* _Records supplied_:
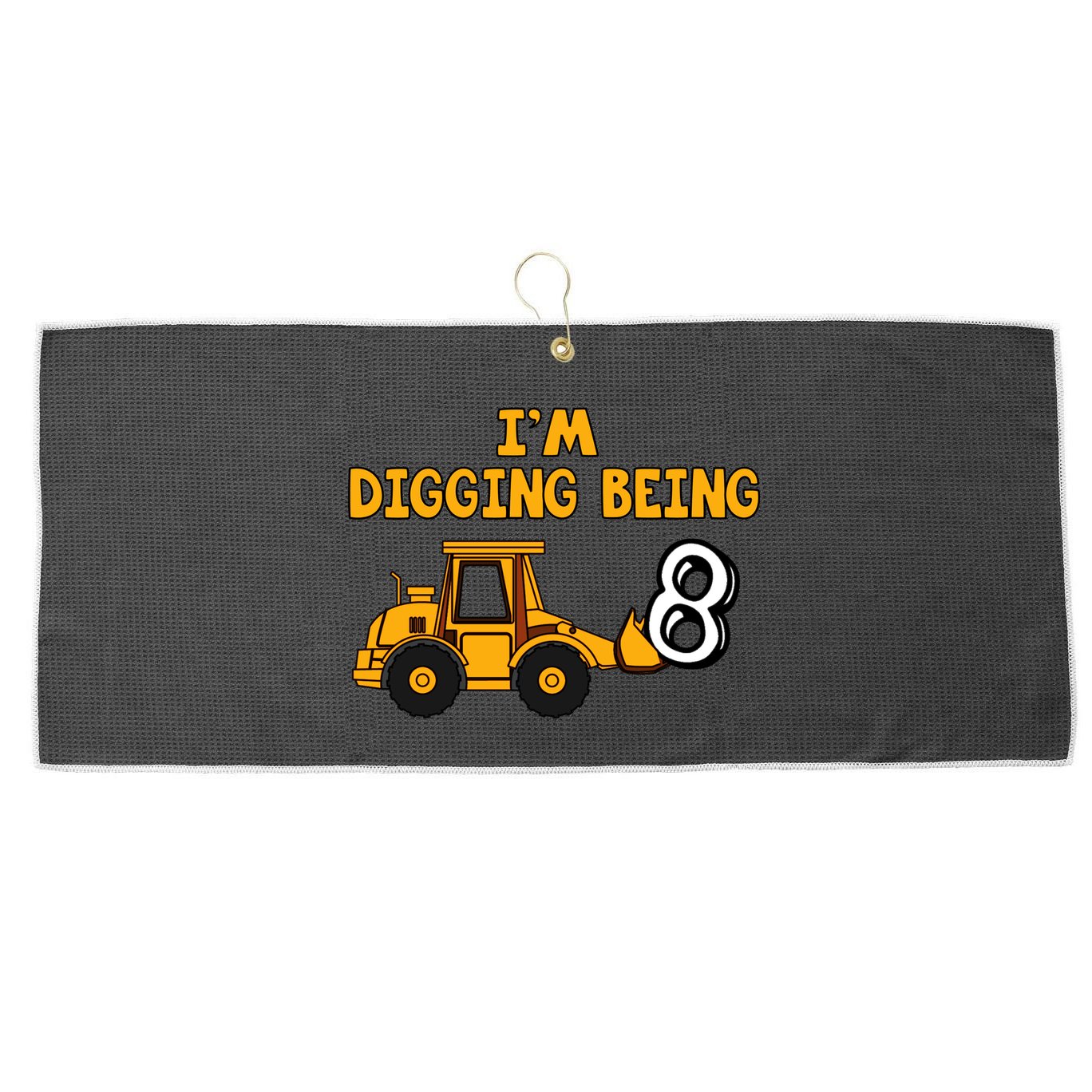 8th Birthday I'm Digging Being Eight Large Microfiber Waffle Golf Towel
...
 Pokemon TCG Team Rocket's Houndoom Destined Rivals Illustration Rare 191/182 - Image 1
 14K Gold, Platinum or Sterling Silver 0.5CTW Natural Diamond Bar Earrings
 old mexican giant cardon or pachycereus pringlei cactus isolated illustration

* _Activity_:
Copy out precisely the lines from the line with "Pokemon TCG Team" to the line with "old mexican giant" in the material above, including those two lines and omitting all the rest.

* _Answer area_:
 Pokemon TCG Team Rocket's Houndoom Destined Rivals Illustration Rare 191/182 - Image 1
 14K Gold, Platinum or Sterling Silver 0.5CTW Natural Diamond Bar Earrings
 old mexican giant cardon or pachycereus pringlei cactus isolated illustration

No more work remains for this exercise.